Как-то родители вышли, оставив меня одного. Внезапно начинается стрельба, со всех сторон бухают пушки. Меня охватывает паника, я прячусь под стол возле балкона и, как истинный православный, молюсь, чтобы ничего не случилось с моими родителями, которые, вернувшись, и находят меня распростертым под столом (это была, кажется, моя последняя молитва).
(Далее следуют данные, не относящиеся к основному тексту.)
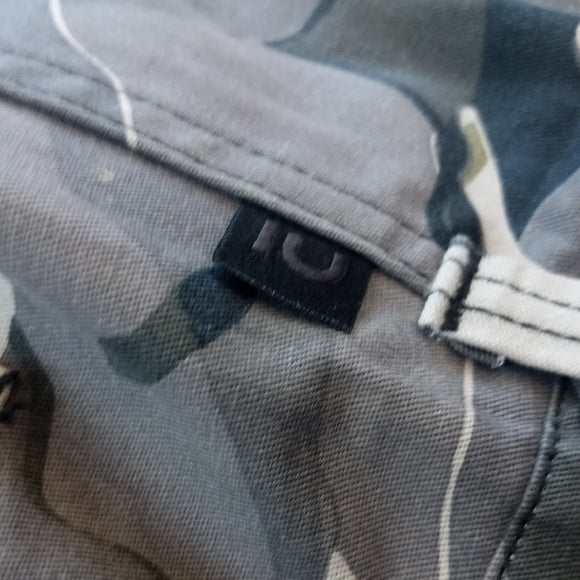 DECATHLON ROBUST CARGO TROUSERS STEPPE 300 CAMOUFLAGE WOODLAND GREY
В один из дней мы с отцом шли по мосту des Arts и внезапо услышали крики со всех сторон: ложитесь, сейчас будут взрывать мосты! Парижские мосты были заминированы, так что угроза не была безосновательной, даже если она и не была приведена в исполнение. Мы с отцом растягиваемся на мосту des Arts, который, как пешеходный, не был заминирован. И вдруг отец узнает в человеке, лежащем рядом с нами, Рампона, соседа Татищевых по Плесси-Робенсон. Effusions[287], обмен новостями, восстановление контактов после трех лет неизвестности.
В сентябре 1944 года мы обосновываемся в квартире, которую мы снимаем на ул. Сен-Жак, 340. Возможно, в связи с этим нам понадобилось сходить в мэрию 5-го округа на площади Пантеона. Мы с отцом шли по рю Суффле к мэрии, где нас уже ждала мама. Вдруг с крыши Пантеона раздаются выстрелы. Мама кричит «Серж!», мы бежим к ней, отец тащит меня за руку. Мы пробегаем мимо F.F.I., сидящего у одной из колонн мэрии и стреляющего из автомата в направлении крыши Пантеона. Я слышу и чувствую свист пуль. Соединившись с мамой, мы испуганно укрываемся, за одной из колонн мэрии и ждем конца перестрелки.
Квартиру, в которую мы въезжаем, всю войну занимал друг моих родителей художник Котляр. Еврей, женатый на француженке, он два года тайно прожил в этой квартире, в задней комнате, которая выходила во двор завода хирургических материалов и была недоступна посторонним взглядам. Его жена всем говорила, что живет одна, и он не показывался на улице даже ночью.
В этой квартире, осенью 1944 года мой отец начал свою карьеру журналиста в «Комба», а затем в «Монд», моя мать — карьеру художника, а я… мою жизнь маленького парижанина.